The CFTC filed a civil enforcement action against a South African investment fund and its CEO for an allegedly fraudulent scheme that raised over $1.7 billion worth of Bitcoin from the public.

Before the United States District Court, Western District of Texas, the CFTC alleged that the CEO used various websites and social media to fraudulently solicit bitcoin from public participants across the world to participate in a commodity pool. The CFTC asserted that the commodity pool conducted a variety of financial transactions with public participants, who were not eligible contract participants. The CFTC alleged that of the public participants at least 23,000 were from the United States. Additionally, the CFTC stated that the company and the CEO were not appropriately registered with the CFTC.

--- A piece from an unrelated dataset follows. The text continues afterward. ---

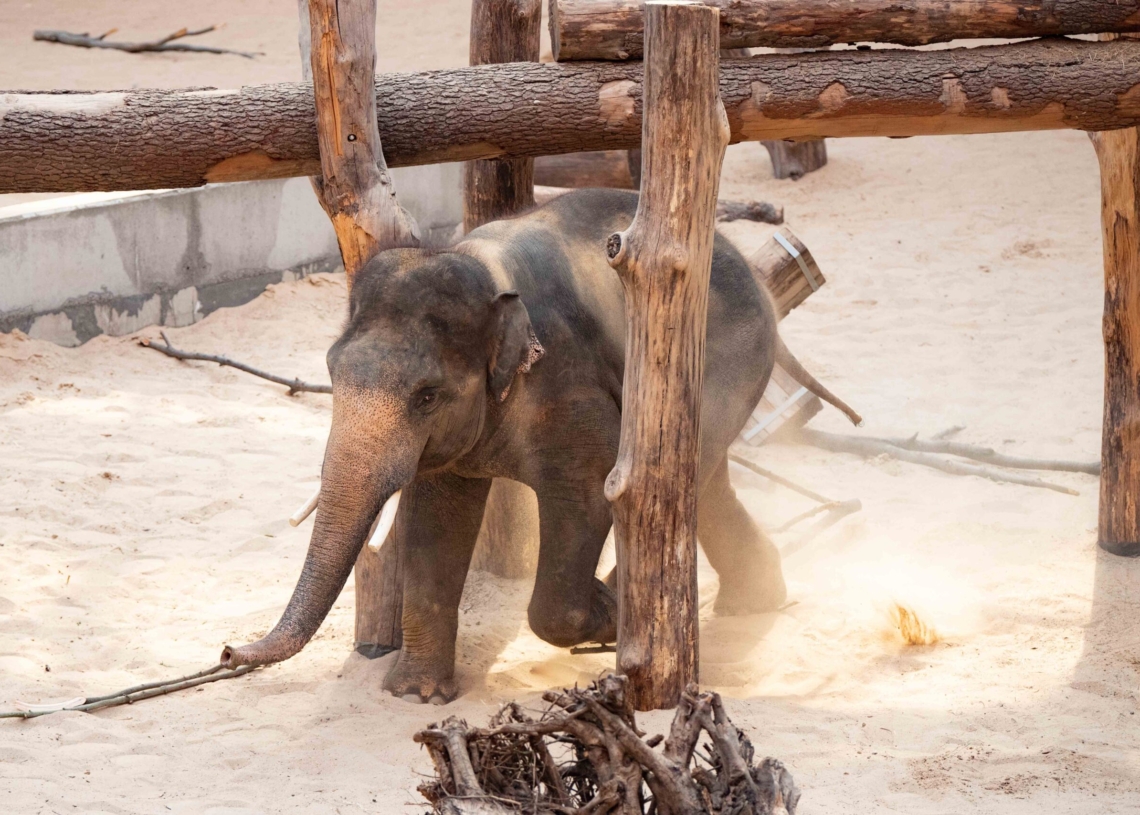 Nowy słoń w łódzkim zoo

The CFTC charged that the fund and its CEO violated:

  • CEA Sections 2(c)(2)(C)(iii)(I)(cc) ("Jurisdiction of Commission"), 4b(a)(2)(A)-(C) ("Contracts Designed to Defraud or Mislead"), 4k(2) ("Registration of Associates of Futures Commission Merchants, Commodity Pool Operators, and Commodity Trading Advisors"), 4m(1) ("Use of Mails or Other Means or Instrumentalities of Interstate Commerce by Commodity Trading Advisors and Commodity Pool Operators") and 4o(1)(A)-(B) ("Fraud and Misrepresentation by Commodity Trading Advisors, Commodity Pool Operators, and Associated Persons"); and

  • CFTC Rule 4.20(a)(1), (b) and (c) ("Prohibited Activities"), 5.2(b)(1)-(3) ("Prohibited Transactions") and 5.3(a)(2)(i), (ii) ("Registration of Persons Engaged in Retail Forex Transactions").

The CFTC is seeking (i) full restitution to defrauded investors, (ii) disgorgement of ill-gotten gains, (iii) civil monetary penalties, (iv) permanent registration and trading bans and (v) a permanent injunction against future violations of the CEA and CFTC Rules.